Я любила наш маленький домик, который мы арендовали у наших соседей, мистера и миссис Барлоу. Для меня дом обладал человеческими качествами: пятно от воды на потолке моей спальни было похоже на лицо старушки с открытым смеющимся ртом; ветка липы, стучавшая в окно гостиной, скрипела, как мягкие подошвы туфель танцующих на песке; подвал, где зимой хранились картошка, лук и другие корнеплоды, имел сильный суглинистый запах.

Поскольку артрит у моей мамы прогрессировал, я взяла на себя все домашние обязанности. Я готовила еду, пекла что-нибудь, стирала, гладила и убирала в доме. Сдельной работы не стало после того, как на окраине Олбани построили новую швейную фабрику, и хотя я понимала, что доход нашей семьи уменьшился, все равно вздохнула с облегчением, потому что находила эту работу ужасно скучной. Я была рада, что у нас есть старая швейная машинка, ведь я могла шить одежду для себя, и пусть я иногда вынуждена была просить отца одолжить грузовик у мистера Барлоу, чтобы свозить меня в магазин за материей и швейными принадлежностями, зато мне не нужно было идти в магазин одежды, где я могла столкнуться с девушками, которых когда-то знала, — это могли быть как покупательницы, так и продавщицы.

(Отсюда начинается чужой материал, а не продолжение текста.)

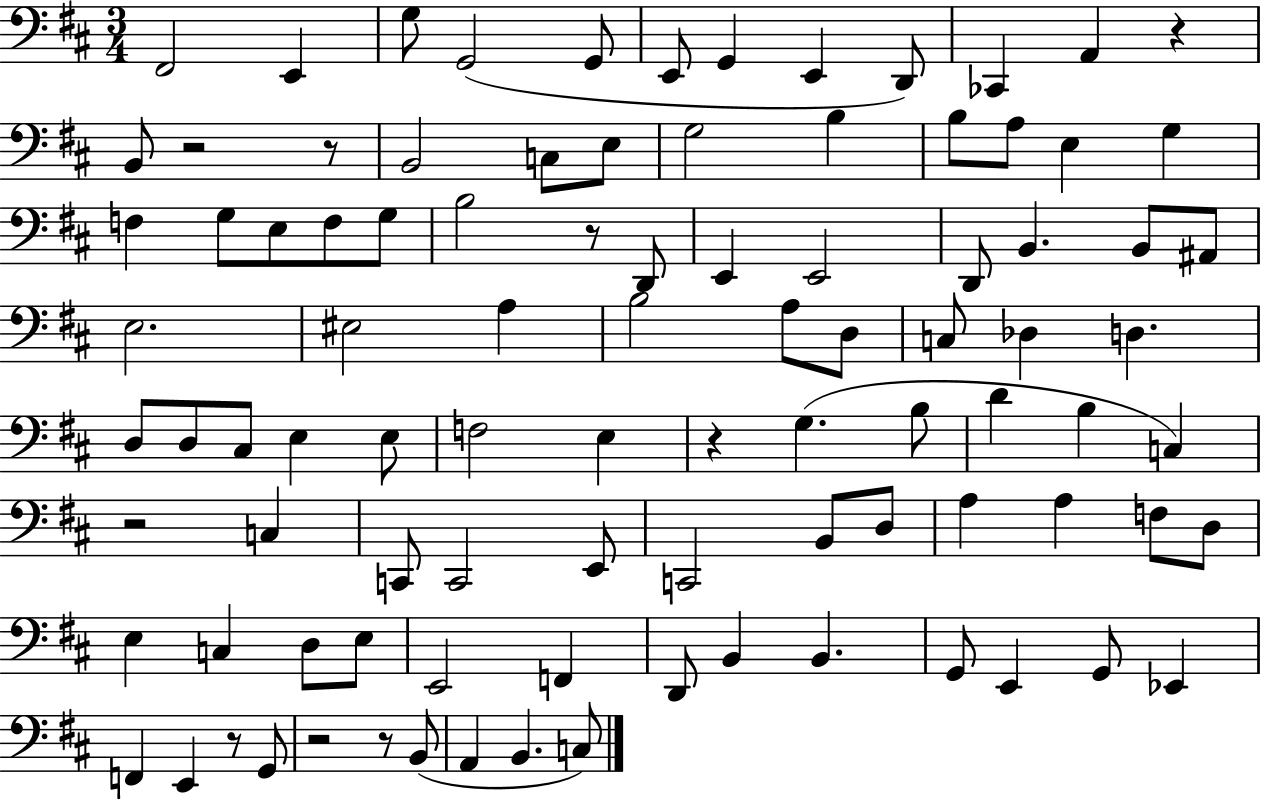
{
  \clef bass
  \numericTimeSignature
  \time 3/4
  \key d \major
  fis,2 e,4 | g8 g,2( g,8 | e,8 g,4 e,4 d,8) | ces,4 a,4 r4 | \break b,8 r2 r8 | b,2 c8 e8 | g2 b4 | b8 a8 e4 g4 | \break f4 g8 e8 f8 g8 | b2 r8 d,8 | e,4 e,2 | d,8 b,4. b,8 ais,8 | \break e2. | eis2 a4 | b2 a8 d8 | c8 des4 d4. | \break d8 d8 cis8 e4 e8 | f2 e4 | r4 g4.( b8 | d'4 b4 c4) | \break r2 c4 | c,8 c,2 e,8 | c,2 b,8 d8 | a4 a4 f8 d8 | \break e4 c4 d8 e8 | e,2 f,4 | d,8 b,4 b,4. | g,8 e,4 g,8 ees,4 | \break f,4 e,4 r8 g,8 | r2 r8 b,8( | a,4 b,4. c8) | \bar "|."
} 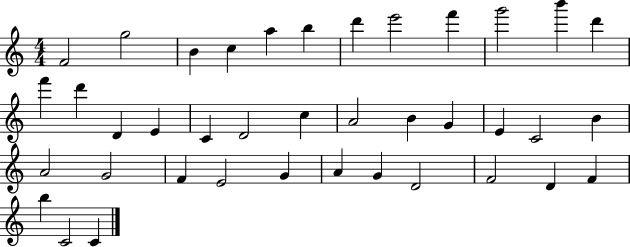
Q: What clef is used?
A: treble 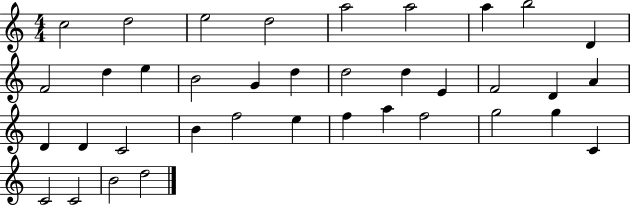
{
  \clef treble
  \numericTimeSignature
  \time 4/4
  \key c \major
  c''2 d''2 | e''2 d''2 | a''2 a''2 | a''4 b''2 d'4 | \break f'2 d''4 e''4 | b'2 g'4 d''4 | d''2 d''4 e'4 | f'2 d'4 a'4 | \break d'4 d'4 c'2 | b'4 f''2 e''4 | f''4 a''4 f''2 | g''2 g''4 c'4 | \break c'2 c'2 | b'2 d''2 | \bar "|."
}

Осенью я убирала в саду, сгребала опавшие и почерневшие от холода листья и сухую траву, освобождая землю от стеблей и корней растений, чтобы она отдохнула зимой. А еще я высаживала клубни и луковицы, которые давали побеги следующей весной. Зимой я изучала книги по садоводству, придумывала и зарисовала новый план сада, разбитого теперь и на переднем, и на заднем дворе. Как только весной сходил последний снег, я шла по выложенным галькой тропинкам, которые по моей просьбе выкладывал отец, и любовалась первыми крокусами и подснежниками, а чуть позже гиацинтами, тюльпанами и нарциссами, желая, чтобы взошли первые крошечные розовые ростки пионов, когда станет уже совсем тепло.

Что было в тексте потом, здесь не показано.